Minister for Infrastructure, Planning and Housing
- Incumbent
- Assumed office 22 June 2016
- Prime Minister: Ulisses Correia e Silva

Personal details
- Born: April 1956 (age 69–70) Santiago, Cape Verde
- Children: 2
- Occupation: Civil engineer, writer, politician

= Eunice Silva =

Eunice Silva (born April 1956) is a Cape Verdean civil engineer, writer and politician from Santiago.

== Career ==
Eunice Andrade da Silva Spencer Lopes was born on Santiago, Cape Verde in April 1956 and was the second-eldest of nine siblings. She attended the Technical and Industrial Institute in Rostov, Russia and graduated with a bachelor's degree in civil engineering in 1980. Returning to Cape Verde in 1981 Silva joined the state-owned construction company and also became a member of the Organization of Cape Verdean Women (OCVW), a women's rights campaign group. She studied economics at the University of Havana, Cuba in 1995 and gained a Master of Business Administration degree from the Central Connecticut State University in 2001.

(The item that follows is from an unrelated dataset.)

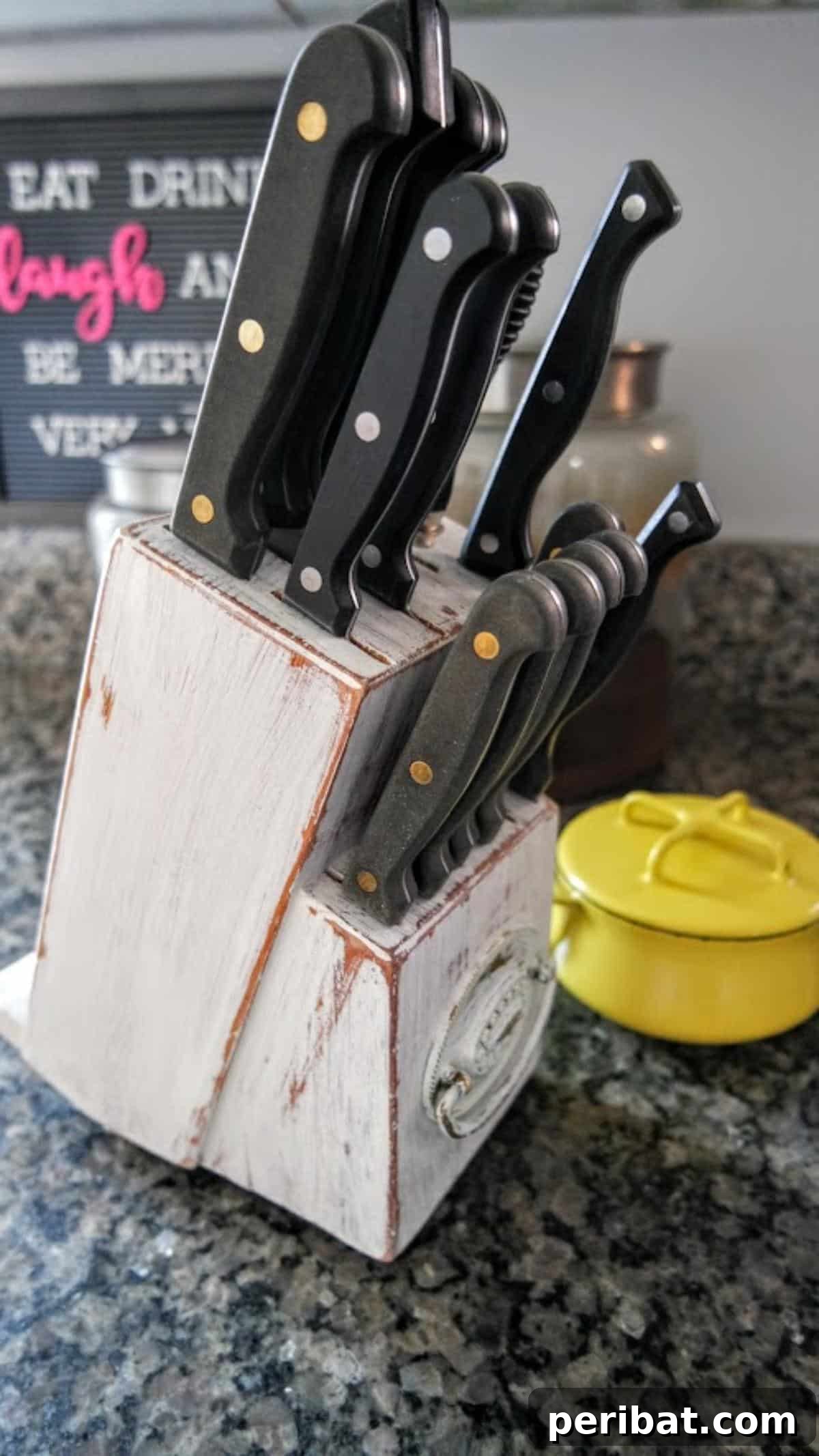 Elevate Your Knife Collection: 22 DIY Display Projects 15 DIY Painted Knife Block With Phone Holder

Upon returning to Cape Verde Silva joined the Ministry for Infrastructure, Planning and Housing, having resigned her membership of OCVW. She was director of the ministry's studies and planning office and sat on its public and private works permits commission. Silva later entered the private sector and became secretary-general of the country's contractors association.

Silva was elected to the National Assembly in 2011. She has since served as vice-president of the Economic, Environment and Spatial Planning Specialized Commission. and president of the Cape Verde Parliamentary Network for the Environment, Combating Desertification and Poverty. Silva arranged a nationwide vote in 2013 to determine Cape Verde's seven greatest wonders and subsequently produced the Cape Verde Wonders catalogue. She was in charge of the response to the 2014–15 eruption of Fogo, including provision of housing, money and employment to those affected. Silva also presided over the parliamentary inquiry into the loss of the Vicente ferry on 8 January 2015 which caused the deaths of 15 people.

On 22 June 2016 Silva was appointed Minister for Infrastructure, Planning and Housing in the Movement for Democracy cabinet of Ulisses Correia e Silva.

Silva is also vice-president of the Alliance of Parliamentarians and Local Elected Representatives for the Protection of the Environment in Countries on the West African Coast (APPEL), a grouping of elected officials of the members of the Subregional Fisheries Commission (Cape Verde, The Gambia, Guinea, Guinea-Bissau, Mauritania, Senegal, Sierra Leone).

Silva has written for Cape Verde newspapers on matters of urban planning and society. She is married, has two children and three grandchildren.